Ode to Colin Samuels’ Mother
by Jamison Koehler on June 19, 2010
Back in the days when I tried to write fiction, my greatest aspiration was to get a short story into the Best American or O’Henry anthologies of best short stories for the year. Alas, I was never successful. No nominations. No honorable mentions. Not once. Not even close.
Given my need for outside validation, I was therefore very pleased to learn upon starting this blog that there is a similar anthology – a “best of” collection of sorts — for law blogging. Specifically, through the Infamy or Praise website, Colin Samuels does a once-a-week wrap-up of the best blog entries in something he calls “A Round Tuit.”
I have to admit that the first thing I do every time Round Tuit comes out is to scroll through the blog entry looking for my name. Only after I have done that do I go back and read the entire post. Even then, I have to admit that I skim over some of the stuff that doesn’t appear to be of immediate interest.
In so doing, I am reminded of the toast a friend of ours delivered many years ago at a book-signing party for one of those tell-all memoirs by an outgoing member of the Administration. Our friend, who featured very prominently in the book, referred to the practice of checking the index first to see if you can find your name and then going directly to those pages. There probably isn’t a single person here today, he told the author in his toast, who has actually read the book through cover-to-cover. But don’t be discouraged, he said, because between all of us assembled here today the entire book has in fact been read.
There has occasionally been some light-hearted lobbying to get a blog entry included in Round Tuit. I particularly enjoyed Gideon’s tongue-in-cheek lobbying on Twitter a month or so ago to get one of his, shall we say, less than serious blog entries — an entry titled “Every Day Is Caturday” — into Round Tuit. There was also some good-natured kidding after the fact when it turned out that “Caturday”, exemplary piece of criminal law blogging that it was, had not made the final cut.

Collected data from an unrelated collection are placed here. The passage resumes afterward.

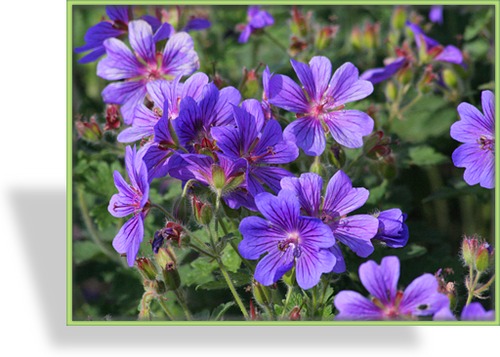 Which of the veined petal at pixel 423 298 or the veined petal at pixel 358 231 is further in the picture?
the veined petal at pixel 358 231

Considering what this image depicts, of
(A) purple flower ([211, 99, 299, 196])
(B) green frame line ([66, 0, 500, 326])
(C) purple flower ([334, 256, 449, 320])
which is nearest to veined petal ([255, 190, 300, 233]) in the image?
(A) purple flower ([211, 99, 299, 196])


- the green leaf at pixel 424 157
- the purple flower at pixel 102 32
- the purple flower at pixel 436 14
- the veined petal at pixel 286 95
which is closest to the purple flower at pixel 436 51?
the green leaf at pixel 424 157

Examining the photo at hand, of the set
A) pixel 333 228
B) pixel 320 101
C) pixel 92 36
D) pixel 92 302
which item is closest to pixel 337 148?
pixel 320 101

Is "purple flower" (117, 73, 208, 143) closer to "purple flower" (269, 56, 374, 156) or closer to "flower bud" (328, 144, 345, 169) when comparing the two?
"purple flower" (269, 56, 374, 156)

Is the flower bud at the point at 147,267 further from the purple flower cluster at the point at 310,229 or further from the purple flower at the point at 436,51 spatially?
the purple flower at the point at 436,51

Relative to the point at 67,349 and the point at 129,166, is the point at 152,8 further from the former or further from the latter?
the point at 67,349

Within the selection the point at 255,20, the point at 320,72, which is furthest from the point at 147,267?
the point at 255,20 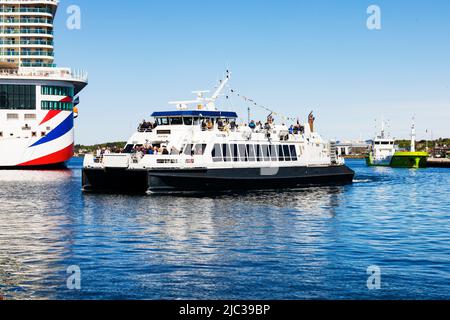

The best strategy obviously for getting a blog entry into Round Tuit is to write an original and quality post on a topical issue of great interest. For those of us who may have difficulty meeting those qualifications, however, there are also other strategies. I have found, for example, that Samuels likes to juxtapose different bloggers’ handling of the same issue. As he himself wrote just last week: “Each week (well, most weeks), the bulk of the posts gathered in these Round Tuits tend to fall into a couple of broad categories. Sometimes it’s a major case decided; sometimes it’s a major event; sometimes the stars (of the blawgosphere at least) just happen to align and a particular subject inspires many.”
It therefore makes sense to write on a topic that other bloggers are also addressing. A couple of weeks ago, for example, Norm Pattis posted an excellent piece on flat fees and hourly rates. I quickly typed out my own entry and, presto, Pattis’ coattails were enough to carry me to Round Tuit glory. I was so pleased Mirriam Seddiq said I acted like a high school student who had just made the honor roll. But only because, I’m sure, high school students tend to be pretty mature when it comes to that type of thing.
Though still unproven, I am now developing another strategy for achieving Round Tuit fame and fortune: shameless, Eddie Haskell-like flattery. Samuels has mentioned that his mother follows Infamy or Praise and that she will occasionally link through to one of the blog entries mentioned in Round Tuit. This tidbit of knowledge gives me a tremendous tactical advantage over my fellow bloggers.
You sure are looking great today, Mrs. Samuels. Who does your hair? And, my, what a fine job you did of raising your son.
This post may be no “Caturday” but I’m thinking my chances are pretty good. Because, after all, what kind of son would Samuels be if he didn’t include this homage to his mother?